Un point que j'espère ne jamais atteindre.

Je suis interrompue dans mes pensées lorsque j'entends mon portable vibrer sur ma table de nuit. Je tourne la tête vers celui-ci. Ça ne peut être qu'un message car je ne suis plus inscrite à aucun réseau social. Je me demande qui pourrait bien m'en envoyer à cette heure-ci et surtout pourquoi. Je finis alors par céder à ma curiosité.

De : Ethan | Tu dors ? |

Je me mords instinctivement la lèvre en voyant de qui est-il.

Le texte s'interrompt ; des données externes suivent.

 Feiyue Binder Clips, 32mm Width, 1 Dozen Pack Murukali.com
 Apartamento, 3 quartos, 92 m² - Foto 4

C'est tellement vu et revu ce genre de messages mais malgré tout ce que je pourrais dire, j'avoue que j'apprécie ce geste autant qu'une autre car ça veut souvent dire que la personne a envie de parler et que c'est à vous qu'elle a pensé. Mais je reste malgré tout quelques minutes à regarder l'écran de mon téléphone, me demandant ce que je devrais faire. Lui répondre ou prétendre être en train de dormir ? Je suis assez partagée à cet instant car si une moitié de moi n'a pas la foi d'avoir un quelconque contact avec qui que ce soit en ce moment, l'autre meurt d'envie d'engager la conversation avec lui pour me donner une pause dans toutes mes réflexions et s'il le faut, parler toute la nuit. Et c'est ce que je fais. Le cœur battant légèrement plus vite que la normale, je tape une réponse qui me fait sourire légèrement malgré mon anxiété soudaine.